[Records drawn from a dataset]

-.-.-

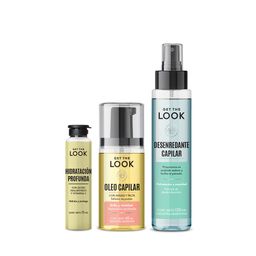 Combo Get The Look Capilar Desenredante + Óleo + Ampolla Tratamiento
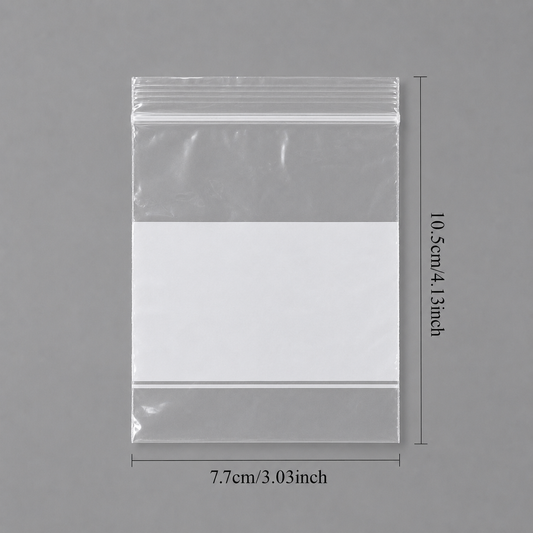 3" x 4" White Block Reclosable Jewelry Bags, 1000 Count – Jeweller Buy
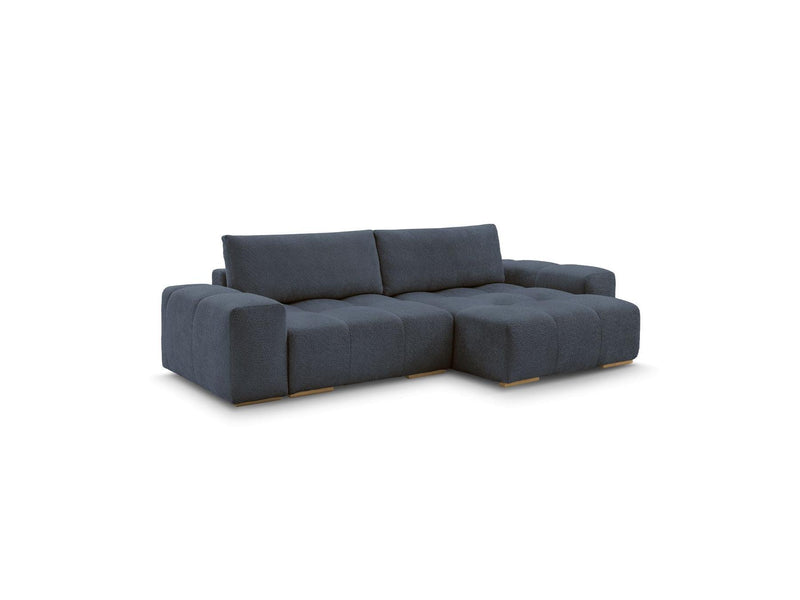 Canapé D'Angle Convertible Réversible Coffre - Anakin - Tissu Bouclette - 2 Coussins
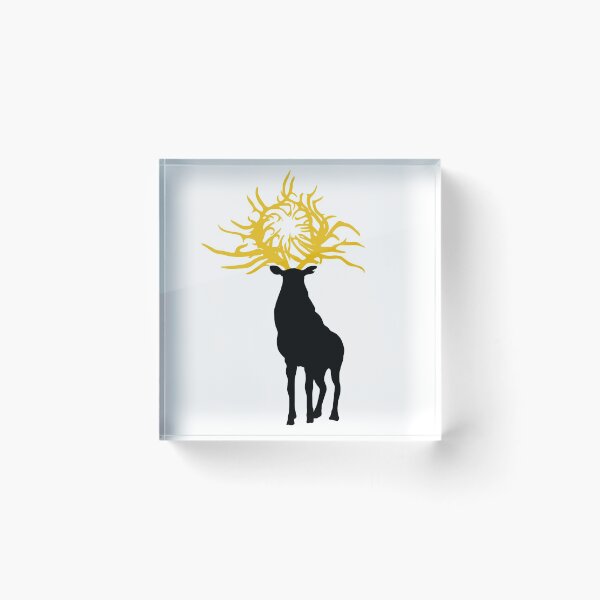 Item preview, Morozova's Stag Golden Antlers designed and sold by RockyCreekArt.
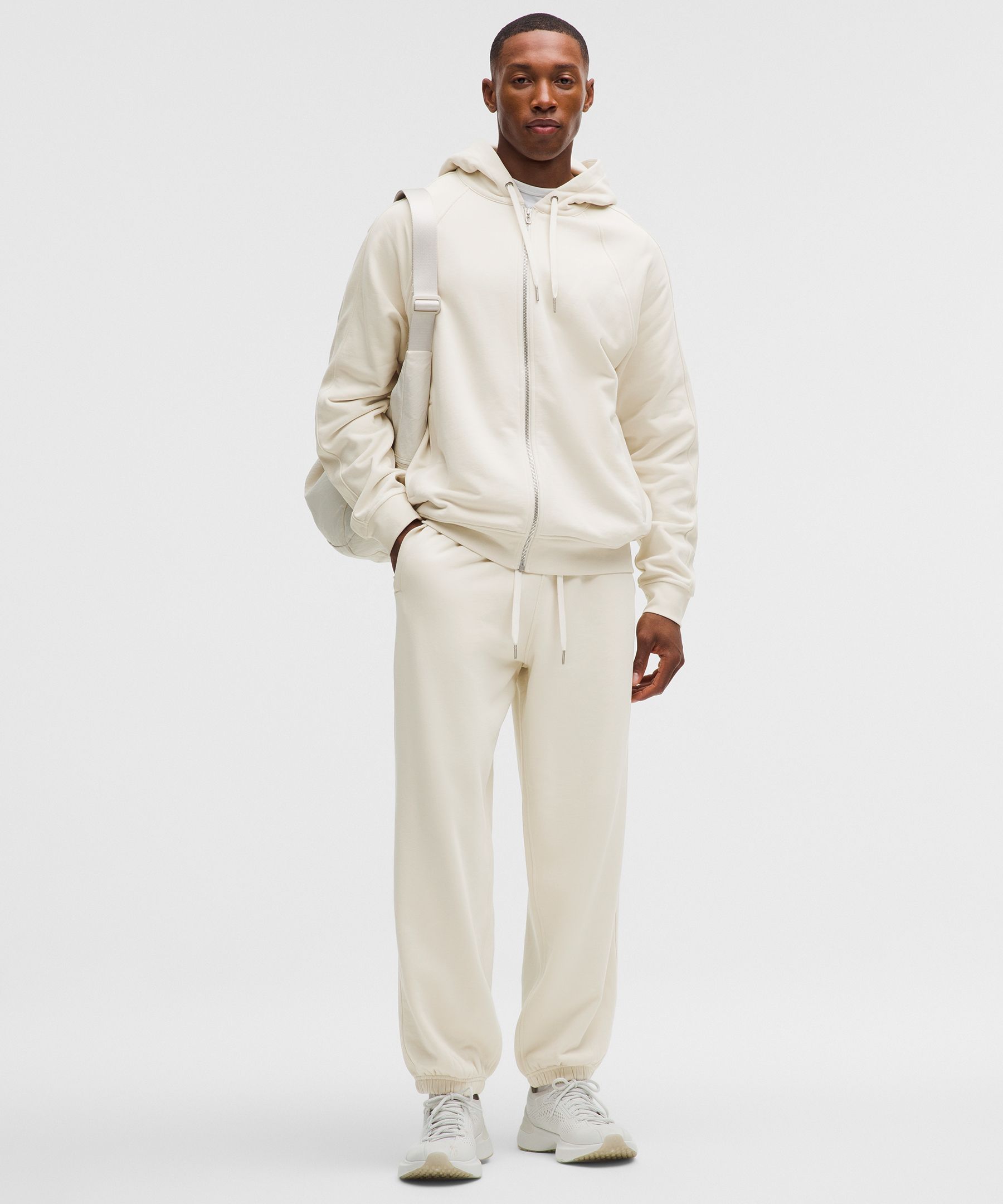 French Terry Full-Zip Hoodie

-.-.-

### [Action item]
Your answer must be exactly the lines from the one with "Canapé D'Angle Convertible" through the final line of the data, with no pictures in it.

### [Response to this task]
 Canapé D'Angle Convertible Réversible Coffre - Anakin - Tissu Bouclette - 2 Coussins
 Item preview, Morozova's Stag Golden Antlers designed and sold by RockyCreekArt.
 French Terry Full-Zip Hoodie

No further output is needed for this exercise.